I am just setting out for Pajarocu. Who was Pajarocu and what had he done? He crossed out the words and rewrote them: It is worthless, this old pen case. It is nothing. You mightgo around the market all day and never find a single spirit who would trade you a fresh egg for it. Yet it holds-
Enough. Yes, enough. I am sick with fancies. That was it. That was good. He reached down to turn the page so that he might begin a new one, but there was no need; the one he had written remained blank.
He stood up and shouted, but he could not recall the bird's name and the bird would not come in any case, could not hear him, remained in his pen case no matter how wildly he shouted or how loudly he waved his arms. Something with tusks and shining eyes was swimming to him, swimming east, always and forever east, in a spearstraight line from Shadelow, its wake marked already by faint phosphorescence.
He shouted until Seawrack rose from the sea to comfort him, smoothing his hair with two smooth, white hands. "It's only a dream, Horn, only a dream. If you need anyone, Hound and I are right here."
He wanted her to stay, to lie in their boat with him and comfort him, but she vanished when he tried to hold her, and it was getting dark and Green rising, a baleful jade eye. There were water bottles in the racks; but the boat was gone and the salt sea with it, the sea that was a river called Gyoll in which corpses floated, savaged by big turtles with beaks like the beaks of parrots, the river that circled with whorl, the river over which the stars never set. He had come to the end of that river, and it was too late.
He sat up. The well-remembered walls of the pit encircled him, walls marked with dank crevices opening on ruinous passages half filled with earth and stones. "It's dirt up here," a voice behind him rasped. He turned and saw Spider sitting behind him on the tumbled column, Spider in conversation with small girls in starched frocks. "It's all dirt," Spider repeated, and added, "I can tell from how it's made."

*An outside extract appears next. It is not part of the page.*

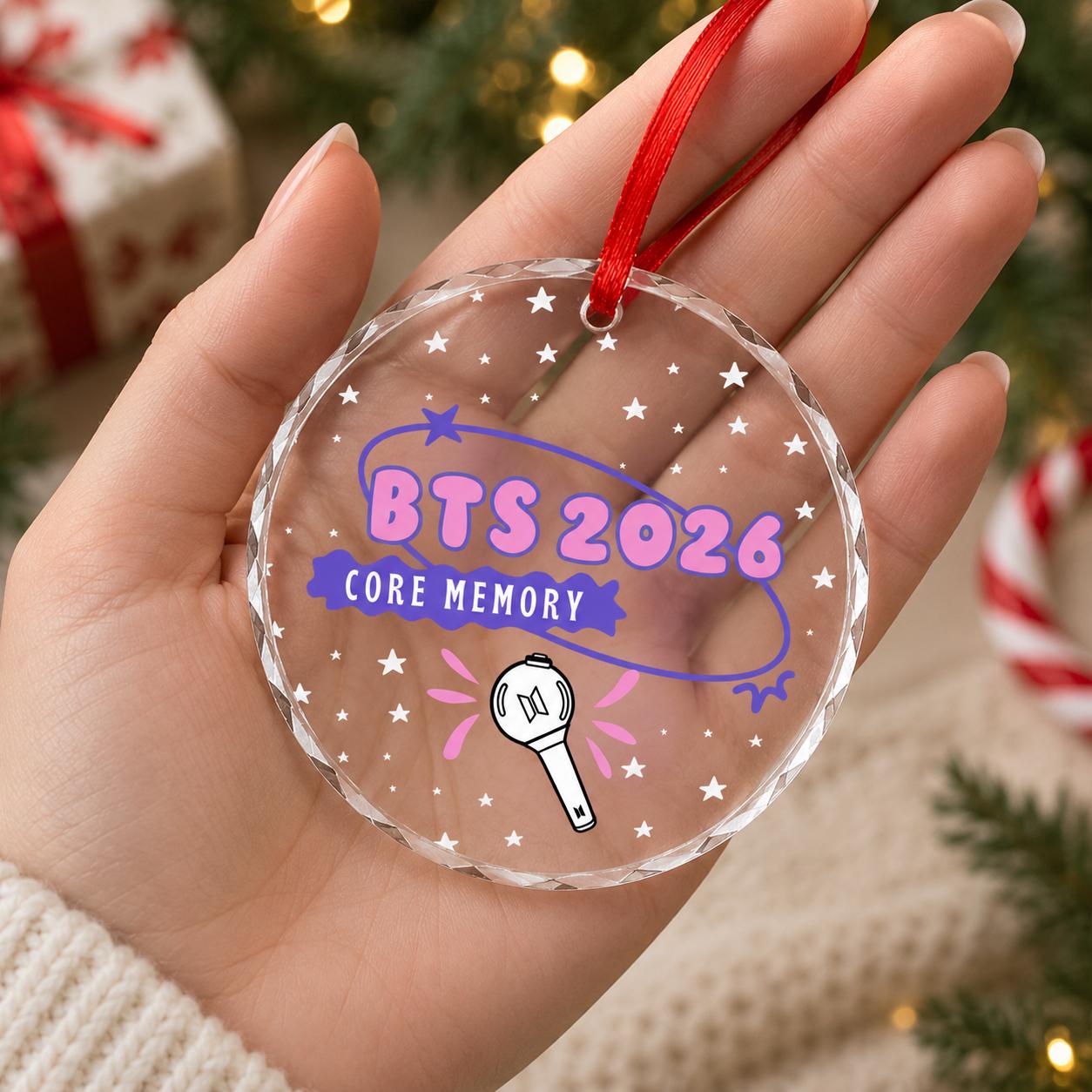 Bts Arirang Ornament - Etsy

He asked politely how he could find Hyacinth.
"Down there." The blond girl pointed. "She's down there like Spider and me."

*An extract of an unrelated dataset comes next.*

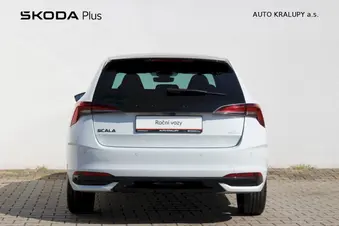 Škoda Scala Monte Carlo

The dark girl nodded. "Down there where you're going, and she can't ever come back. Take a cake for the dog."
Spider nodded, too, saying, "It's dirt down there. I can tell from how it's made." Spider took something green from his pocket and handed it over. It was one of the crawling green lights that lined the tunnels, and it began to crawl across his palm, gleaming in the hot sunshine until he closed his fingers around it. "Thank you," he said. "Thank you very much."
"Oh, you ain't thanked me yet," Spider told him. "You'll thank me when you're down there."

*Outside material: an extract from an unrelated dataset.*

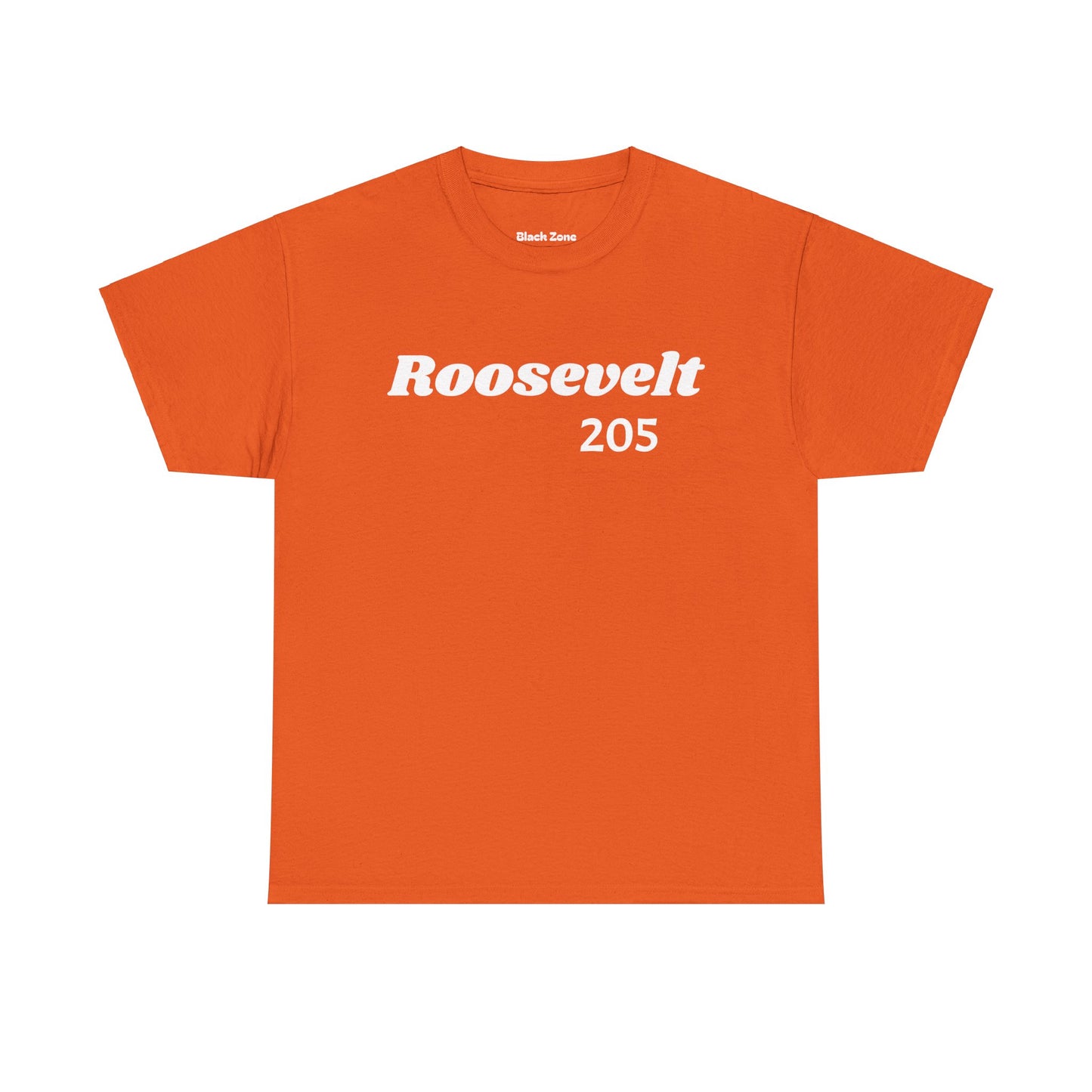 Roosevelt Alabama Unisex Heavy Cotton Tee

He knelt and wiggled through the opening and back onto his boat, where the crawling green light he had put upon the ceiling was Green rising in the east, a baleful eye. Pig was seated in the stern, his hand upon the tiller and Oreb on his shoulder. "Good Silk," said Oreb. Pig removed the dirty gray cloth that had covered his eyes; and when it was gone, he, who had supposed that he could see, could actually see.
And Pig's big, bearded face was Silk's.
"This is really very kind of you," he told Hound when he had washed and sipped the mate Tansy made for him, "but won't we be getting a late start?"
"Yes," Hound conceded, "but it doesn't matter much. Usually I start before shadeup, as Tansy will attest, I'm sure, because she always gets up too, even though I tell her not to, and makes breakfast for me."
Tansy laughed. "I go back to bed after he leaves."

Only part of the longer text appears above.